▸ **Dataset records**
= = = = =
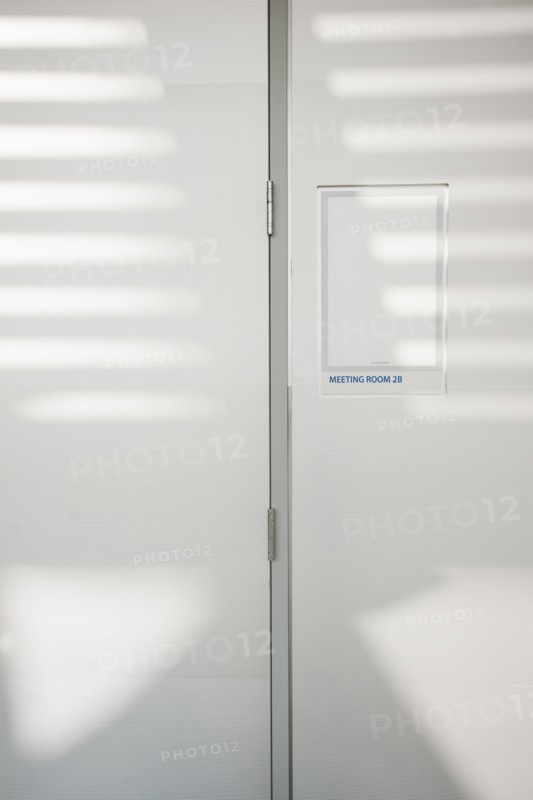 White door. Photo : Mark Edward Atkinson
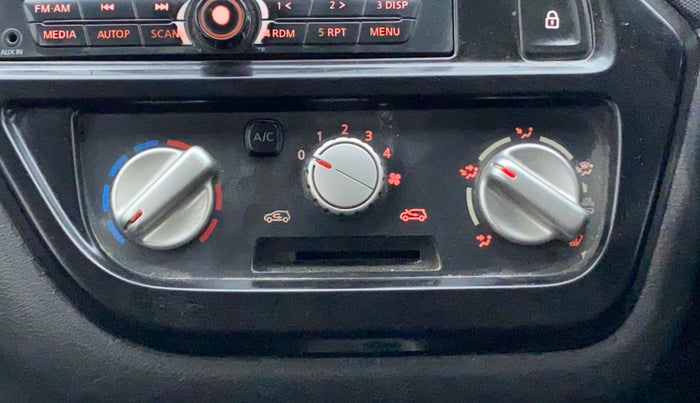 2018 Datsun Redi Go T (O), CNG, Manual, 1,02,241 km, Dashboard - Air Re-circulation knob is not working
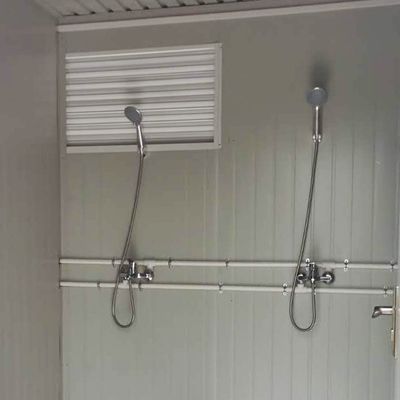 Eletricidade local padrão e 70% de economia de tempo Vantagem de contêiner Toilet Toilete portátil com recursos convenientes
= = = = =
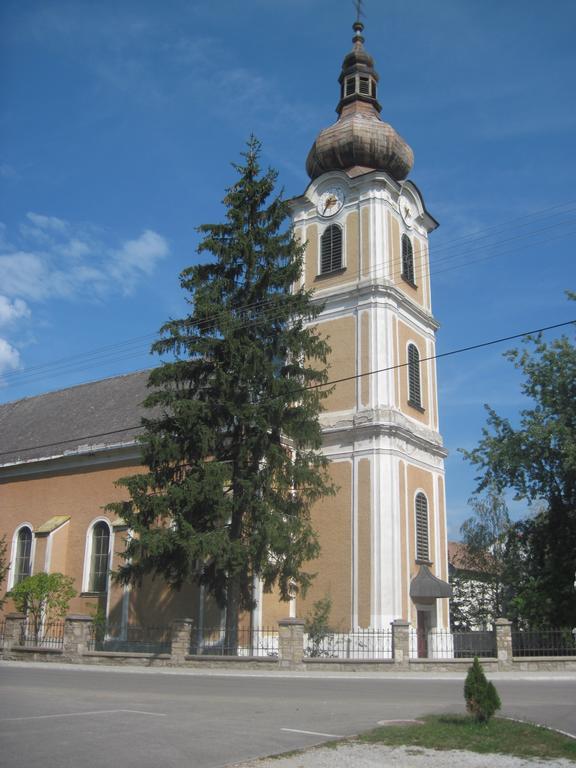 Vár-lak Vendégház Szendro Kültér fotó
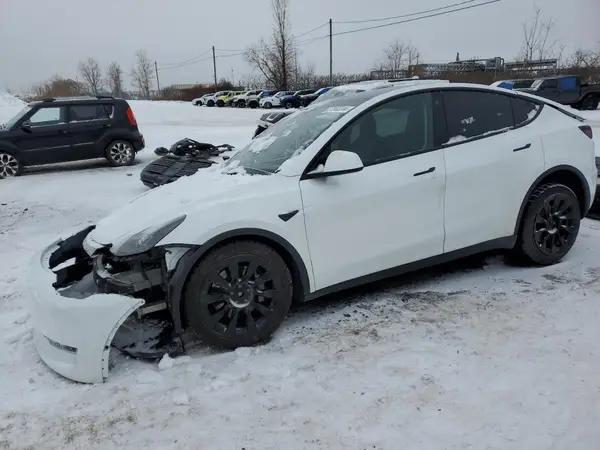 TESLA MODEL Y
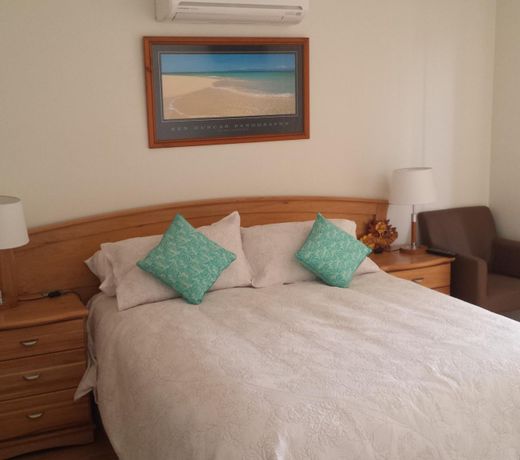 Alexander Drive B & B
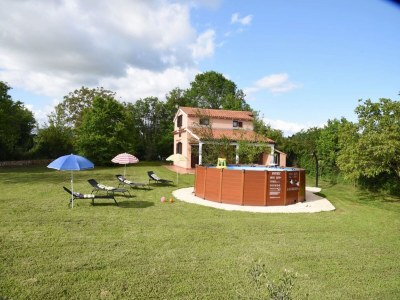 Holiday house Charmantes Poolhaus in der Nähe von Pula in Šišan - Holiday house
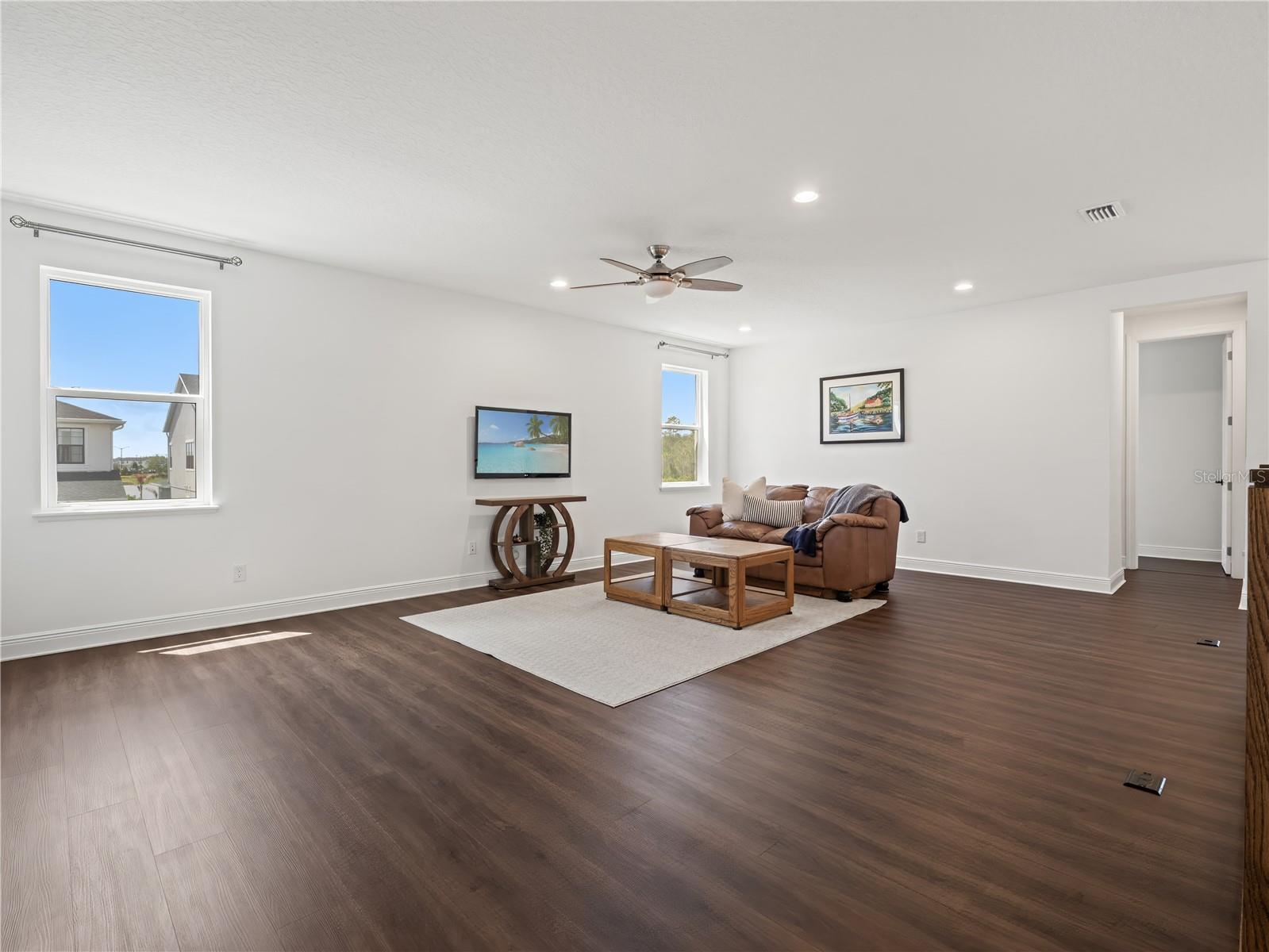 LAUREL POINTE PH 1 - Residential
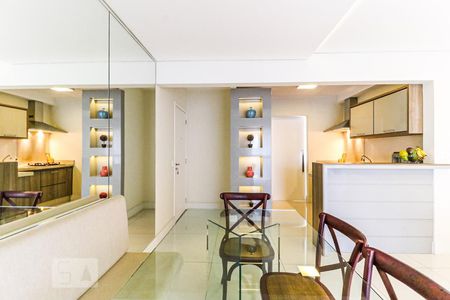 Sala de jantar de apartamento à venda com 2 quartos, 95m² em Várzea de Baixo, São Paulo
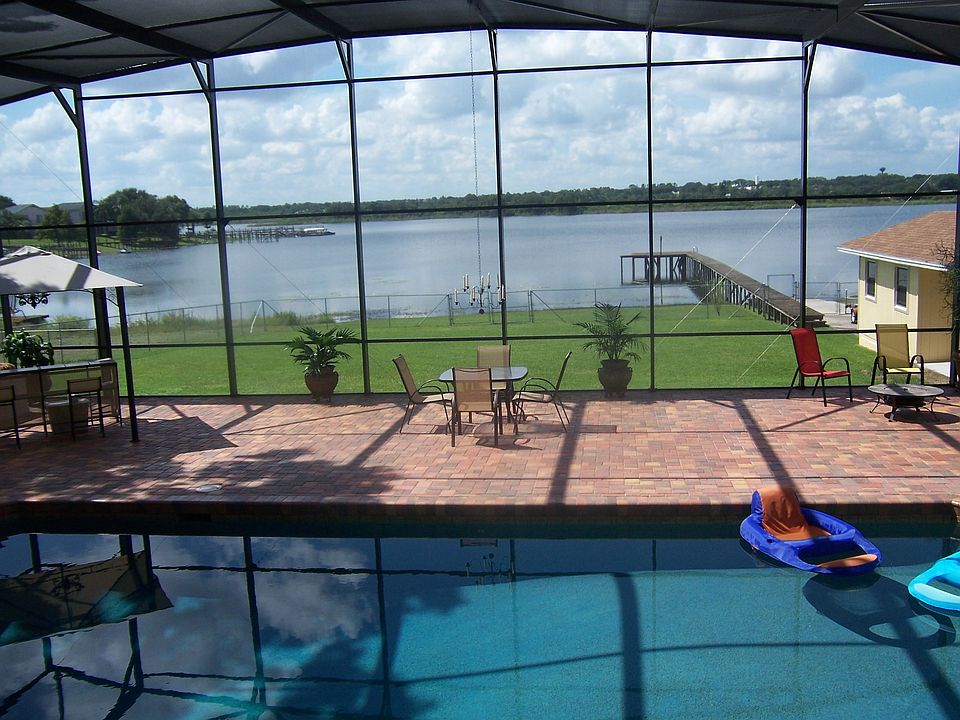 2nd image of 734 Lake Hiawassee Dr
= = = = =
▸ **Action item**
Up in the listing, locate the line with "Vár-lak Vendégház Szendro Kültér fotó"; print it and every line after it down to the line with "2nd image of 734 Lake Hiawassee Dr", which is included too. Skip the pictures.

▸ **Task response**
 Vár-lak Vendégház Szendro Kültér fotó
 TESLA MODEL Y
 Alexander Drive B & B
 Holiday house Charmantes Poolhaus in der Nähe von Pula in Šišan - Holiday house
 LAUREL POINTE PH 1 - Residential
 Sala de jantar de apartamento à venda com 2 quartos, 95m² em Várzea de Baixo, São Paulo
 2nd image of 734 Lake Hiawassee Dr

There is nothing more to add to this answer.